Server-Side Processing

From Raw Beacons to Clean Records

The collector fires JSON payloads at your server. Now what? This phase receives those raw beacons and transforms them into clean, enriched, sessionized records ready for storage. Every beacon must be parsed, validated against an expected schema, enriched with server-side data the client cannot provide (authoritative timestamps, IP addresses, geolocation), linked into sessions, and finally inserted into the database.

Get this phase wrong and your analytics data is unreliable — or worse, an attack vector. Get it right and you have a pipeline that produces trustworthy data at scale.

1. The Server Side of Collection

The browser sends a POST /collect request containing a JSON body. On the server side, that request kicks off a multi-step pipeline before the data ever reaches the database.
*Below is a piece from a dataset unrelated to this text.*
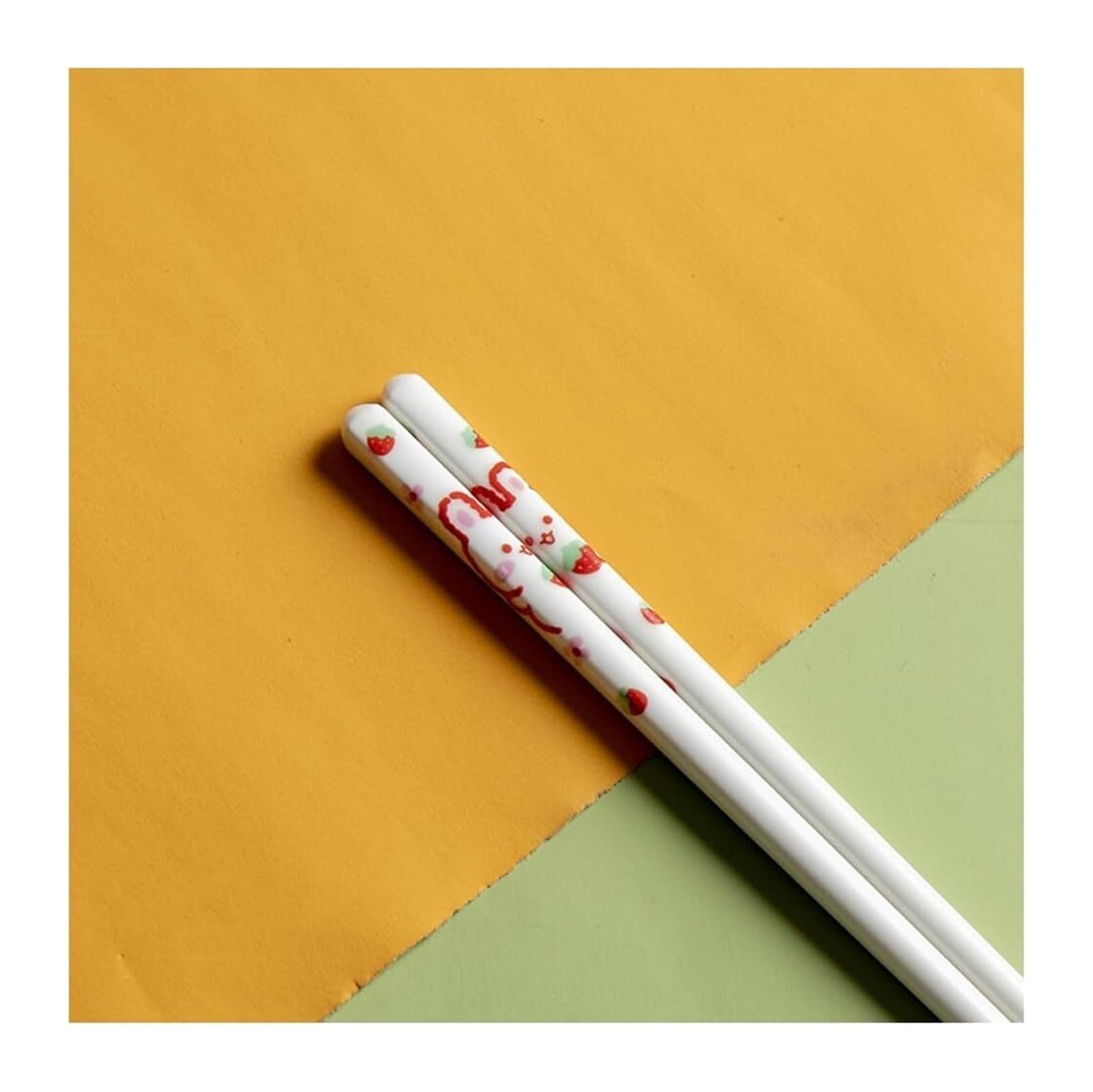 Baguettes en céramique, Cadeau japonais mignon de baguettes en porcelaine, 10 paires réutilisables céramique d'os haute qualité Chine(U)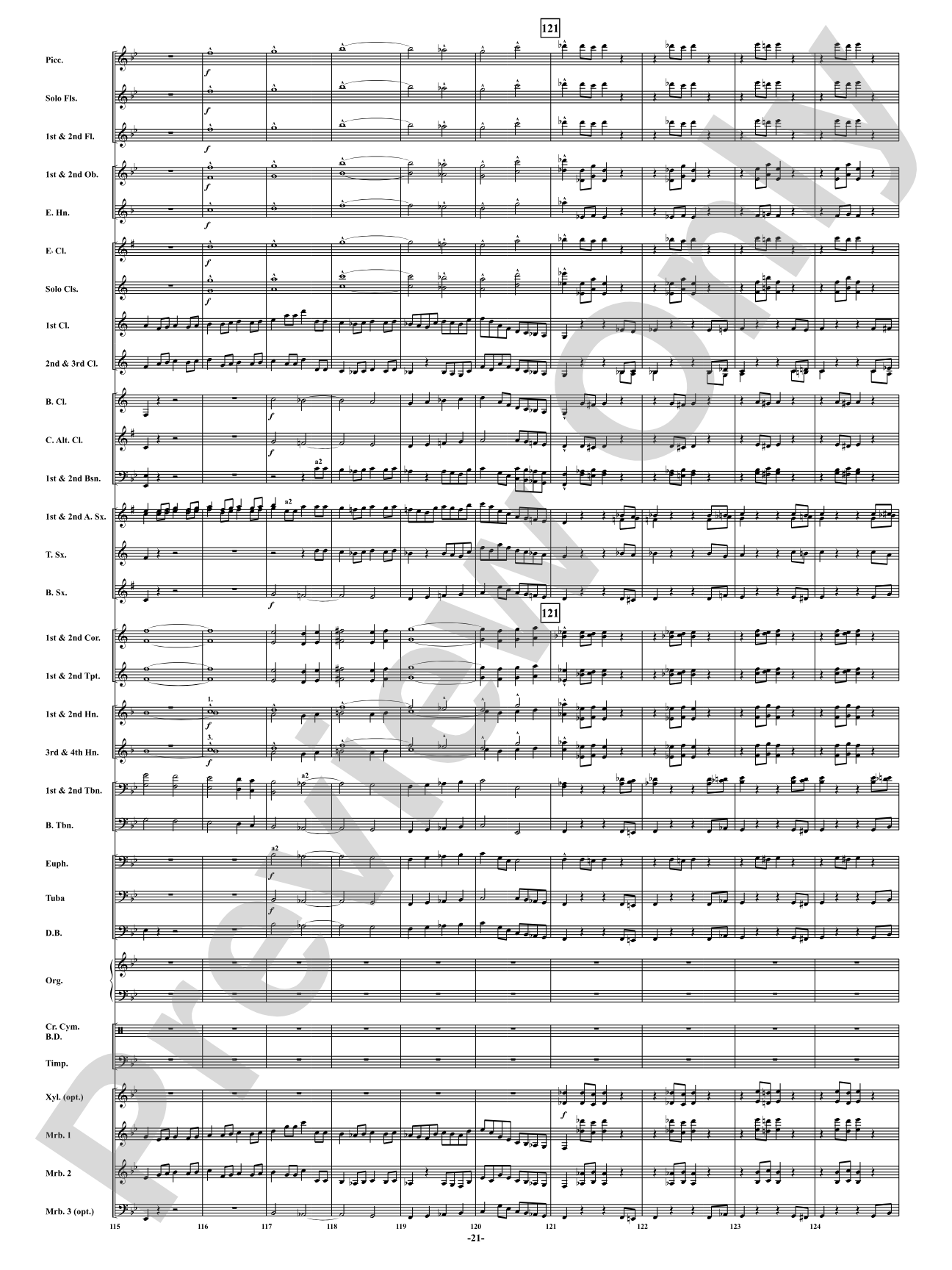 Finale from <i>Symphony No. 3</i> - Organ Symphony: Concert Band Conductor Score & Parts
Each step has a specific job, and if any step fails, the pipeline must handle the failure gracefully without leaking information back to the client.

Browser Server │ │ │── POST /collect ────────────────>│ │ Content-Type: application/json │ │ { url, timestamp, ... } │ │ │ │ ┌───────▼───────┐ │ │ Parse JSON │ │ └───────┬───────┘ │ ┌───────▼───────┐ │ │ Validate │ │ │ field types │ │ │ + sanitize │ │ └───────┬───────┘ │ ┌───────▼───────┐ │ │ Enrich │ │ │ timestamp, │ │ │ IP, geo │ │ └───────┬───────┘ │ ┌───────▼───────┐ │ │ Sessionize │ │ │ link to │ │ │ session_id │ │ └───────┬───────┘ │ ┌───────▼───────┐ │ │ INSERT │ │ │ into MySQL │ │ └───────┬───────┘ │ │ │<──────── 204 No Content ─────────│ │ │

The 204 No Content response is intentional. The server confirms receipt without sending a response body. This is the standard pattern for analytics endpoints — there is nothing useful to return to the client, and a smaller response means less bandwidth and faster completion.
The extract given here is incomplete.